Should the spread be 300 or 500 basis points? In a deflationary world, I would argue that many public pension funds praying for an alternatives miracle that is unlikely to happen will be lucky to get 300 basis points over the S&P 500 in their private equity portfolio over the next ten years. To their credit, CalPERS has updated their statement of investment policy for benchmarks, something all public pension funds, especially the ones in Canada should be doing (don't hold your breath!).
On the issue of benchmarks in private equity, Andy Moysiuk shared these words of wisdom with me:
I tend to be a bit more diplomatic than you have suggested in regards to benchmarks.
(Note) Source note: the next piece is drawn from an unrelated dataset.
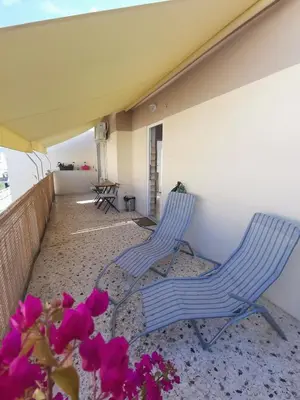 two chairs sitting on a balcony with pink flowers at Downtown Cozy penthouse For balcony lovers in Athens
Public index based benchmarks tend to direct activities towards more cyclical investments that move in sympathy to the public markets, defeating some of the purposes of having private equity be a lower correlation investment activity in an overall equities mix.
Further, risk adjusted investment structures can be a highly valuable part of an overall private equity portfolio, and a public benchmark implies there is no value to these critical risk control tools that are often uniquely available in private equity investing. And when one considers the hurdle rates embedded in virtually every private equity partnership contract, the underlying general partners are operating on an incentive model completely unlinked to public market relative performance.
The historical public market biases within institutions are at the root of public market benchmarking, indeed it is public market people that coined the term “alternative investments”, i.e. an alternative to public markets. Alternatives have evolved more broadly to be non-index tracking investment approaches, not necessarily illiquid, and generally investments geared towards making a profit in absolute terms.
A modern approach to benchmarking would evolve as well. I had used an absolute return approach since 1999 in my institutional investing, using the actuarial return for the pension fund as whole as a hurdle rate as a starting point to measure whether the asset class was serving a useful purpose (and this was disclosed in annual reports, along with actual performance).
Really, I was adopting more of a corporate capital allocation model, and I found that this approach was aligned with the incentive models within the general partners, and more closely aligned with how underlying operating companies actually allocated capital and seemed to support the seeking of risk adjusted returns in sympathy with reasonable expectations.
In the end, specific organizations benchmarking approaches can simply reflect the culture and intentions/expectations of a firm, which could appropriately change over time. What matters is the benchmark choice be thoughtfully considered, including the business and behavioural implications, and transparently disclosed.
Andy is one of the nicest and sharpest minds I've had the pleasure of meeting in the course of writing this blog. He really knows his stuff when it comes to private equity and he raises excellent points as to why traditional "public market" benchmarks in private equity will direct activity to more cyclical investment activity, defeating some of the purpose of having private equity in the portfolio.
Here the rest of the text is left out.